BRISBANE, Calif., May 13, 2011 /PRNewswire/ -- InterMune, Inc. (Nasdaq: ITMN) today announced the publication
"These newly-published data document the favorable benefit-risk profile of pirfenidone in patients with IPF, consistent with the recent approval by the European Medicines Agency of pirfenidone for these patients," said Paul W. Noble, Professor of Medicine, Chief, Division of Pulmonary, Allergy, and Critical Care Medicine, Duke University School of Medicine, and lead author of the study. "Although the results of Study 004 and 006 were not identical and only Study 004 achieved the primary end point, the totality of the data provide compelling evidence of a clinically meaningful treatment effect of pirfenidone, together with a favorable safety profile in patients with IPF."
The CAPACITY Program comprises two multinational, double-blind, placebo-controlled Phase 3 studies (Study 004 and Study 006) that were conducted simultaneously with 779 IPF patients (aged 40-80 years) across 110 centers in Australia, Europe and North America. Patients were randomly assigned to receive oral pirfenidone (2403 mg/day) or placebo for a minimum of 72 weeks to evaluate the impact of pirfenidone in reducing lung function deterioration in IPF patients.
CAPACITY Study Results
Forced Vital Capacity (FVC) – Primary Study Endpoint
In Study 004 pirfenidone reduced the decline in FVC, an important measure of lung function, in IPF patients (p=0.001). The mean FVC change at week 72 was -8.0 percent in the pirfenidone group compared to -12.4 percent in the placebo group – a significant difference of 4.4 percent. In addition, treatment with pirfenidone reduced the proportion of patients with FVC decline of 10 percent or more compared to placebo (35 of 174 patients vs 60 of 174 patients). Importantly, an FVC decline of 10 percent or more has been reported in multiple studies to be associated with an increased risk of mortality in patients with IPF.
In Study 006, the difference between groups in FVC change at week 72 was not significant (-9.0 percent in the pirfenidone group compared with -9.6 percent in the placebo group); however, a consistent and statistically significant pirfenidone treatment effect was evident through one year of treatment. The repeated-measures analysis of percent predicted FVC change over all study timepoints showed a favorable pirfenidone treatment effect in both studies.
The primary endpoint analysis of the pooled population also showed a pirfenidone treatment effect on percent predicted FVC at week 72 (p=0.005). The mean change was -8.5 percent in the patients in the pirfenidone 2403 mg/day group and -11.0 percent in those in the placebo group, and a smaller proportion of patients had a decline in FVC of 10 percent or more in the pooled pirfenidone group.

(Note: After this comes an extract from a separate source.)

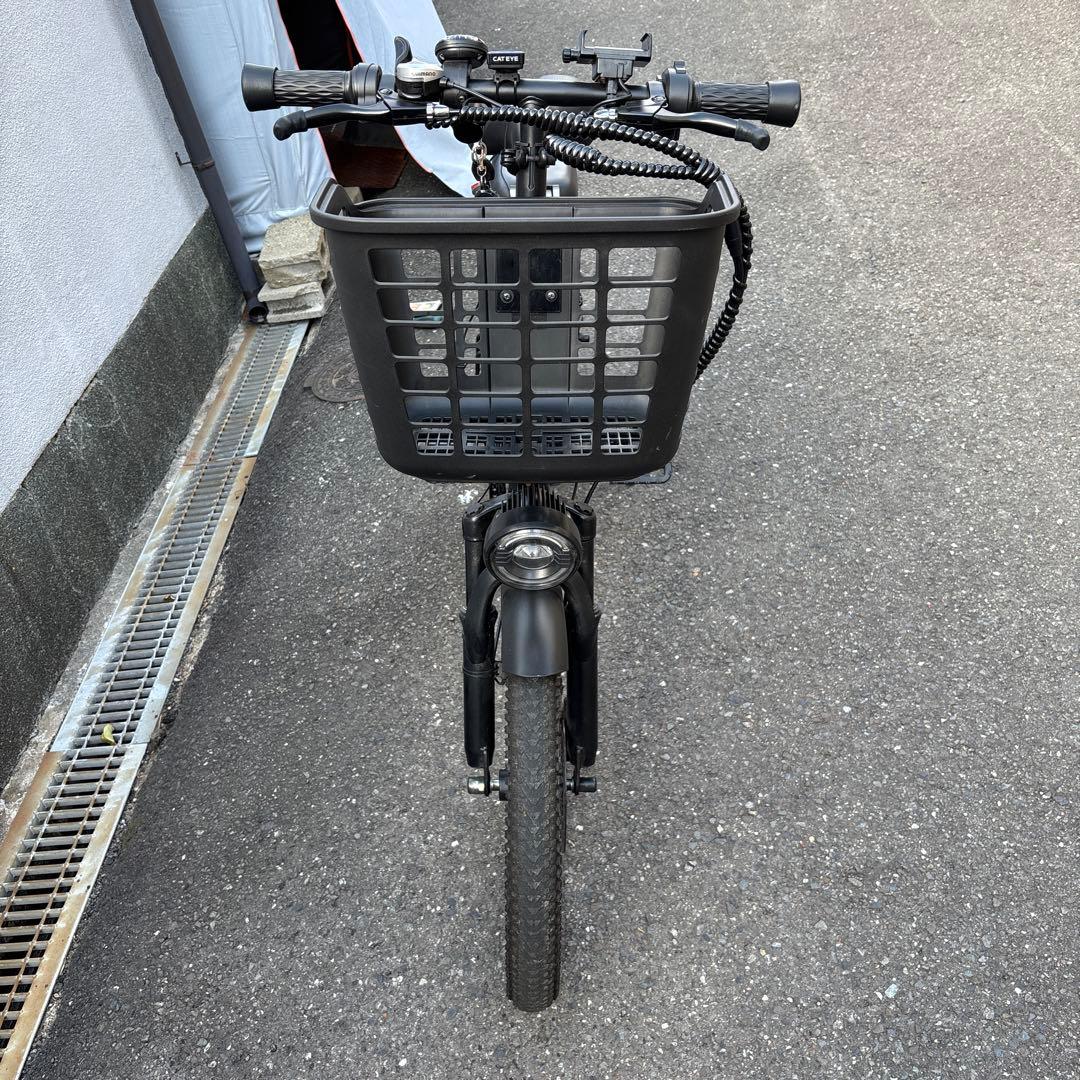 美品 超大容量バッテリー 電動アシスト自転車 カスタム ブラック 20インチ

Six-Minute Walk Test (6MWT) – Secondary Study Endpoint
Pirfenidone 2403 mg/day significantly reduced decline in 6MWT distance at week 72 in study 006 but not in study 004. In the pooled population, a 31 percent relative difference was noted between treatment groups at week 72. The minimum clinically important difference in 6MWT distance in patients with idiopathic pulmonary fibrosis has been reported to be 24–45m. In a post-hoc analysis, 62 (36 percent) of 170 patients in the pirfenidone group and 80 (47 percent) of 170 in the placebo group had a 50m or more decrement in 6MWT distance in study 004 (p=0.049), and 56 (33 percent) of 169 and 79 (47 percent) of 168 patients, respectively in study 006 (p=0.010). The Mantel-Haenszel relative risk was 0.74 (95 percent CI 0.62–0.89) for overall relative risk in the post-hoc analysis in the pooled population.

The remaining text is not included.